[Short web captions]
####################
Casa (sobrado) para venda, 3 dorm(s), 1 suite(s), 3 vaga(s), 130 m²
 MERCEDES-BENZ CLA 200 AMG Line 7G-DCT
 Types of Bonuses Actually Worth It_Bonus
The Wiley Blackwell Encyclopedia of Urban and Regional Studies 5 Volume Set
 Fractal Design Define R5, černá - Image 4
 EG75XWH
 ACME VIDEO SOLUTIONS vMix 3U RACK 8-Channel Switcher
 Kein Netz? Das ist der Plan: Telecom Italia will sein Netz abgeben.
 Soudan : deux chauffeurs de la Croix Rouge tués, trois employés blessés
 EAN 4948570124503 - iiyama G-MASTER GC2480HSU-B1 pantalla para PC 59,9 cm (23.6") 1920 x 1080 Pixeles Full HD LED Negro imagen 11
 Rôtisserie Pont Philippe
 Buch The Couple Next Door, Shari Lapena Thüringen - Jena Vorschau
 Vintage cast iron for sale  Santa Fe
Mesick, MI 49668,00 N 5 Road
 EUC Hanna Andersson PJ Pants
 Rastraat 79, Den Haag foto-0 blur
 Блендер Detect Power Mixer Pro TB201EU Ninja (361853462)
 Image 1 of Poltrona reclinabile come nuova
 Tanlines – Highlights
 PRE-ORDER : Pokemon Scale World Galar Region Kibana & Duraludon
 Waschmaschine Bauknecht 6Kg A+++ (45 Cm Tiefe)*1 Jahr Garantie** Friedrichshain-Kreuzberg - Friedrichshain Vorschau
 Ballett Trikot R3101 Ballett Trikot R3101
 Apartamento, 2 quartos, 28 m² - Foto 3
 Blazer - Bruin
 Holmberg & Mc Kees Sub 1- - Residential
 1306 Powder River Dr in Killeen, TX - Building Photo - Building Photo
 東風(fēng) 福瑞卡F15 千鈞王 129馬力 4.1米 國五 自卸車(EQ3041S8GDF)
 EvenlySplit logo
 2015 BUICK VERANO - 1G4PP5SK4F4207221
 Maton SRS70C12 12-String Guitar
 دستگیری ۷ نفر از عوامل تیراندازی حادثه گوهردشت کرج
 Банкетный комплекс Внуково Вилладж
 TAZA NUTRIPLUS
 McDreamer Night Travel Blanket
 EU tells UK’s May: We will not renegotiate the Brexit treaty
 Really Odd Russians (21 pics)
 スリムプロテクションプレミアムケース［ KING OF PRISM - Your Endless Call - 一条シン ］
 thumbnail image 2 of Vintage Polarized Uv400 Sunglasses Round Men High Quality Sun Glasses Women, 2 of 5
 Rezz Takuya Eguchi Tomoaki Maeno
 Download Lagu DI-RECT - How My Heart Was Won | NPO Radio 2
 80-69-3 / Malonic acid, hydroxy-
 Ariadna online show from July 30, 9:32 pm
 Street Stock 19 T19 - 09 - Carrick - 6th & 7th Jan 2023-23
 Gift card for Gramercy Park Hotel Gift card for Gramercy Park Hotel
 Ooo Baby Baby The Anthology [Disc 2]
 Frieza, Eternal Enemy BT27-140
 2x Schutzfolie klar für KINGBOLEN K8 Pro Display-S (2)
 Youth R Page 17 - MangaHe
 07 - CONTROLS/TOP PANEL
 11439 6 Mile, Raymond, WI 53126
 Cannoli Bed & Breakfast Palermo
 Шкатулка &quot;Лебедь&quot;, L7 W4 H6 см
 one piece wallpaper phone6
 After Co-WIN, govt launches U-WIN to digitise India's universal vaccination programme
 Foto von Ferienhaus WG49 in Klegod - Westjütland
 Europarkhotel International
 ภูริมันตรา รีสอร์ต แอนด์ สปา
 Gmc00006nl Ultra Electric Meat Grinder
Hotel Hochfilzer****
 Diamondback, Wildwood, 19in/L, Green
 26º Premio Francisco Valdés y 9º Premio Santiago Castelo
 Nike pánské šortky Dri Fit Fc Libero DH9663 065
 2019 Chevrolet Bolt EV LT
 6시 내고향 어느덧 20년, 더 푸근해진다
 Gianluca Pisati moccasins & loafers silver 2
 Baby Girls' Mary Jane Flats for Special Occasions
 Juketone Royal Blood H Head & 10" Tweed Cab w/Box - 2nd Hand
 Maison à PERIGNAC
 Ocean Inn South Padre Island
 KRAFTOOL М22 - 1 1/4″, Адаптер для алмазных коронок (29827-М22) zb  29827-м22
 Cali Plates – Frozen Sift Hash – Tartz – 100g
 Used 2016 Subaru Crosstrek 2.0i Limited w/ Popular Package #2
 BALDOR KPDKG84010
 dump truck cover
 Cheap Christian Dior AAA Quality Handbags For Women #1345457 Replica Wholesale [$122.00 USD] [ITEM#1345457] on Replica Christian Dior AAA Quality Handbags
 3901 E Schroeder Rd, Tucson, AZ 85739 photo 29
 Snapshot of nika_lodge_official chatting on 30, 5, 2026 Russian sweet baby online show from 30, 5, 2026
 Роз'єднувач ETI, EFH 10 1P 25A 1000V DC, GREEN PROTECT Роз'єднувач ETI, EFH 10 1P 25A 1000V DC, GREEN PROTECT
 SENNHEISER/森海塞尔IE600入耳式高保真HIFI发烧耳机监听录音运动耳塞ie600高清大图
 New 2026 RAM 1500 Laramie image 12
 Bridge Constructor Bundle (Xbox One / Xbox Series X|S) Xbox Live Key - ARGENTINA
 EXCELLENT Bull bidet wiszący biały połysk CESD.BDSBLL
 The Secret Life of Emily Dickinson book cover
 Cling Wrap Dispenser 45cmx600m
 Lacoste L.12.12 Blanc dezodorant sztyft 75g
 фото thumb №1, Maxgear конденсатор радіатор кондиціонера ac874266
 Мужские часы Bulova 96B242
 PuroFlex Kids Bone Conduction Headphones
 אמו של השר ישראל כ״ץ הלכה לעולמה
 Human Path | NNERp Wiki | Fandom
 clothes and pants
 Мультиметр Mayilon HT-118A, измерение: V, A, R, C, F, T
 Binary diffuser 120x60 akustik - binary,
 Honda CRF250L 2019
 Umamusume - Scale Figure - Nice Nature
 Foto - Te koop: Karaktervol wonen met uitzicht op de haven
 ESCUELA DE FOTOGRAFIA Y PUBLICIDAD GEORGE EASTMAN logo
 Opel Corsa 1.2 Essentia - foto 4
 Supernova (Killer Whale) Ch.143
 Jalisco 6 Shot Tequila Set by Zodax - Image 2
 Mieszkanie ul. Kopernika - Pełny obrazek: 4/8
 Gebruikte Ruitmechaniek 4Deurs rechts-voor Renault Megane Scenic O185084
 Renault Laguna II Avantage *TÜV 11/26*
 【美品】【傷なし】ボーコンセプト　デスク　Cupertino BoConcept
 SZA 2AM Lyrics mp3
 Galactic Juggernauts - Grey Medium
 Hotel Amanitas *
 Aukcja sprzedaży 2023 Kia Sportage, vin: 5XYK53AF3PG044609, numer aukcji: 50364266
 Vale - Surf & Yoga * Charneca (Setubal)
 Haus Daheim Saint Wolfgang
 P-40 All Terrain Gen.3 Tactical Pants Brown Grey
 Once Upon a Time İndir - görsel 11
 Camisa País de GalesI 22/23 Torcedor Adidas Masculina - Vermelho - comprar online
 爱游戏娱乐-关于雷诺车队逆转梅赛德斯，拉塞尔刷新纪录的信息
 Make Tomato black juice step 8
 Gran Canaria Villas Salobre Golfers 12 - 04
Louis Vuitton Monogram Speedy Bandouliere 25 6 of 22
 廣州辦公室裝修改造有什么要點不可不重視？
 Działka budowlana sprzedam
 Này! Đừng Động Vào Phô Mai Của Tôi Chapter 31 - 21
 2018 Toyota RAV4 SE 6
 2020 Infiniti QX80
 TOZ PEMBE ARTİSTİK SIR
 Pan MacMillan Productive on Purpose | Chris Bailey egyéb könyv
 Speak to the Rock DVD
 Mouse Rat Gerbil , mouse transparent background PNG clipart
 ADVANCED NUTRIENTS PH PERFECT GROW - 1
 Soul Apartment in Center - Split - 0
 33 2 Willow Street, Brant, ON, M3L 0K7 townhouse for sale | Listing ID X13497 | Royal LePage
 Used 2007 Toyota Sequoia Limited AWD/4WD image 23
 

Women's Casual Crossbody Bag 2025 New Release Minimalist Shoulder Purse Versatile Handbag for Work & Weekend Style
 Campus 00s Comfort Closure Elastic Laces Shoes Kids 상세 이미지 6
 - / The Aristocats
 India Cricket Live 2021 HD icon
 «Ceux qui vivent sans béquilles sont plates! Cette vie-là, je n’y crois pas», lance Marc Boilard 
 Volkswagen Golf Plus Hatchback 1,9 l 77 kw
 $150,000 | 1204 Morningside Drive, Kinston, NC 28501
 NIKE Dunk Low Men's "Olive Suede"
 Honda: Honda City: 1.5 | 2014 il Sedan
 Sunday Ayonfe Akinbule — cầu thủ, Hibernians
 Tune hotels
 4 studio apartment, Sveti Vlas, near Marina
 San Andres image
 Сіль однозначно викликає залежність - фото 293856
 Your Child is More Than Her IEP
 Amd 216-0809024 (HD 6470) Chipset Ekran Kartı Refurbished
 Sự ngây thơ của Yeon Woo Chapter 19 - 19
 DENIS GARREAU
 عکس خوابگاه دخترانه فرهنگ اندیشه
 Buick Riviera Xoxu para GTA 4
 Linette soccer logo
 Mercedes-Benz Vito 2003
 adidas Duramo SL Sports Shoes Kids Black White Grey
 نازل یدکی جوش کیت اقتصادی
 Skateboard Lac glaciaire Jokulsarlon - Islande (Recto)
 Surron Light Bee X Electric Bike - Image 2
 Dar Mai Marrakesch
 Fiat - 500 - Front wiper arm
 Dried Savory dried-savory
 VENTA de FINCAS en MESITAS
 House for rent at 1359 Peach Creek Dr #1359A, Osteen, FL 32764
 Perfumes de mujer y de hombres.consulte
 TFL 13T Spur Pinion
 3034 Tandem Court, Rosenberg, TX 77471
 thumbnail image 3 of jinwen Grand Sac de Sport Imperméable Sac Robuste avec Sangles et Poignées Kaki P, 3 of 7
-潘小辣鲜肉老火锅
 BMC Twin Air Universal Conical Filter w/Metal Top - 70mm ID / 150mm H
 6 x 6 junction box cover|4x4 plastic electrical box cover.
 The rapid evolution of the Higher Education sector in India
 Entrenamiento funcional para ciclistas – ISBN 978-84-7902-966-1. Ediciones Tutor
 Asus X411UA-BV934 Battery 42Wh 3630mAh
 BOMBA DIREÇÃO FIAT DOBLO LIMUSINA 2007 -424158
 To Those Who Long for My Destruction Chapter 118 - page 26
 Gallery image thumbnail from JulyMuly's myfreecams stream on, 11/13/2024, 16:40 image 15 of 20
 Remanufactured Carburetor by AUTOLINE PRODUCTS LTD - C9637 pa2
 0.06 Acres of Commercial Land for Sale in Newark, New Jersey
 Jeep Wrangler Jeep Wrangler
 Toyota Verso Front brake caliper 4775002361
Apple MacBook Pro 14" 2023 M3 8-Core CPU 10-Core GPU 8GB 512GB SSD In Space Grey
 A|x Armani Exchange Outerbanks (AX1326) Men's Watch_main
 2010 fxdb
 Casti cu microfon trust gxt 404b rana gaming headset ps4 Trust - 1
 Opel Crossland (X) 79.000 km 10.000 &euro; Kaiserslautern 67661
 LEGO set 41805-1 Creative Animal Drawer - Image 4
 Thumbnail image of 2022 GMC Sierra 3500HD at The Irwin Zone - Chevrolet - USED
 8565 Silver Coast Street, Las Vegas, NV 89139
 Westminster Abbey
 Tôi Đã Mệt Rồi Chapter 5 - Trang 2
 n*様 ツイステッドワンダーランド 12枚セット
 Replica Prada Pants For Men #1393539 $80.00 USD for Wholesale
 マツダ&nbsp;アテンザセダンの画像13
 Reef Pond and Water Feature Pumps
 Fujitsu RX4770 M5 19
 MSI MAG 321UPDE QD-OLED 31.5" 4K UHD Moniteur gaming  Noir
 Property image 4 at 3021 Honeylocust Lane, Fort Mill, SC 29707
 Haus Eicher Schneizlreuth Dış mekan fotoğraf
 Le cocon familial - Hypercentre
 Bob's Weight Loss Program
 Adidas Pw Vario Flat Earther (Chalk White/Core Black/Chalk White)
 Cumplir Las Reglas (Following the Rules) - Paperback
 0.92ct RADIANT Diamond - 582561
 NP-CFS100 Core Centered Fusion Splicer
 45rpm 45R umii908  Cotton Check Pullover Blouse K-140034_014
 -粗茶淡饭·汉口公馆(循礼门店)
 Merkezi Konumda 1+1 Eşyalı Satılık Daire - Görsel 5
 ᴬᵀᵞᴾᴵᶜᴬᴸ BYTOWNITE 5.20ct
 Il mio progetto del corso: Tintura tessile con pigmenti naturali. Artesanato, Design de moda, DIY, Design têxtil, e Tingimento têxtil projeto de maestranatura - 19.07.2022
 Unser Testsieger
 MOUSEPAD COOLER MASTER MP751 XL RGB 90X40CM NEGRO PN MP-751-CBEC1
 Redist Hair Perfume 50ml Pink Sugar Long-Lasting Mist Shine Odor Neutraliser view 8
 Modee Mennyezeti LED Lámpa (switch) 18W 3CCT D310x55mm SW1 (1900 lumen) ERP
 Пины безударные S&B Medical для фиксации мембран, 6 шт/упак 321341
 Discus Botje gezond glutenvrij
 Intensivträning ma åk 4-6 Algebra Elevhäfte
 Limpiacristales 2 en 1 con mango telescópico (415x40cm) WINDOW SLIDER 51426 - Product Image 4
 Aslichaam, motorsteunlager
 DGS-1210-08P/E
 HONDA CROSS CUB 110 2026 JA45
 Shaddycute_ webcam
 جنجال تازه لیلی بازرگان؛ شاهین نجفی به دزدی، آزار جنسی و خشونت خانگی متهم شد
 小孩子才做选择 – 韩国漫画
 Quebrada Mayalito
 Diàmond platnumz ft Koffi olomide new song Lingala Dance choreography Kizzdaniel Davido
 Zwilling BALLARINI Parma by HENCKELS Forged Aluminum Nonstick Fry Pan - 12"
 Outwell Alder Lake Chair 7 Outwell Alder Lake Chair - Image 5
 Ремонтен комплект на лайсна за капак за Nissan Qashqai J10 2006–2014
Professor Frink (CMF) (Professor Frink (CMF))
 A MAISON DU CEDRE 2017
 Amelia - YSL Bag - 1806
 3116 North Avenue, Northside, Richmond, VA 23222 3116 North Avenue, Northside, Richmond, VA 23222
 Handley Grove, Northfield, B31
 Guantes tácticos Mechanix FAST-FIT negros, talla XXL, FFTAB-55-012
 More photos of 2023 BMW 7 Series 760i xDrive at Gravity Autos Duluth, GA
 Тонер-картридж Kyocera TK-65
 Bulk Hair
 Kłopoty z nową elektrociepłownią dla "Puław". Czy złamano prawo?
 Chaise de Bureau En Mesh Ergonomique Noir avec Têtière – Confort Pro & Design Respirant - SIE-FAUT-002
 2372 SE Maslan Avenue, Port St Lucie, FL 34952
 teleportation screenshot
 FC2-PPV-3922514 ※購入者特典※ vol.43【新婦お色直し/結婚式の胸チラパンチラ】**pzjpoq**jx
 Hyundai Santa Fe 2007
####################
▶ **What you will do**
Would you print, exactly as written, every line above from the one holding "Gebruikte Ruitmechaniek 4Deurs" through the one holding "Soul Apartment in Center - Split - 0", with both included and no other lines?

▶ **Solved exercise**
 Gebruikte Ruitmechaniek 4Deurs rechts-voor Renault Megane Scenic O185084
 Renault Laguna II Avantage *TÜV 11/26*
 【美品】【傷なし】ボーコンセプト　デスク　Cupertino BoConcept
 SZA 2AM Lyrics mp3
 Galactic Juggernauts - Grey Medium
 Hotel Amanitas *
 Aukcja sprzedaży 2023 Kia Sportage, vin: 5XYK53AF3PG044609, numer aukcji: 50364266
 Vale - Surf & Yoga * Charneca (Setubal)
 Haus Daheim Saint Wolfgang
 P-40 All Terrain Gen.3 Tactical Pants Brown Grey
 Once Upon a Time İndir - görsel 11
 Camisa País de GalesI 22/23 Torcedor Adidas Masculina - Vermelho - comprar online
 爱游戏娱乐-关于雷诺车队逆转梅赛德斯，拉塞尔刷新纪录的信息
 Make Tomato black juice step 8
 Gran Canaria Villas Salobre Golfers 12 - 04
Louis Vuitton Monogram Speedy Bandouliere 25 6 of 22
 廣州辦公室裝修改造有什么要點不可不重視？
 Działka budowlana sprzedam
 Này! Đừng Động Vào Phô Mai Của Tôi Chapter 31 - 21
 2018 Toyota RAV4 SE 6
 2020 Infiniti QX80
 TOZ PEMBE ARTİSTİK SIR
 Pan MacMillan Productive on Purpose | Chris Bailey egyéb könyv
 Speak to the Rock DVD
 Mouse Rat Gerbil , mouse transparent background PNG clipart
 ADVANCED NUTRIENTS PH PERFECT GROW - 1
 Soul Apartment in Center - Split - 0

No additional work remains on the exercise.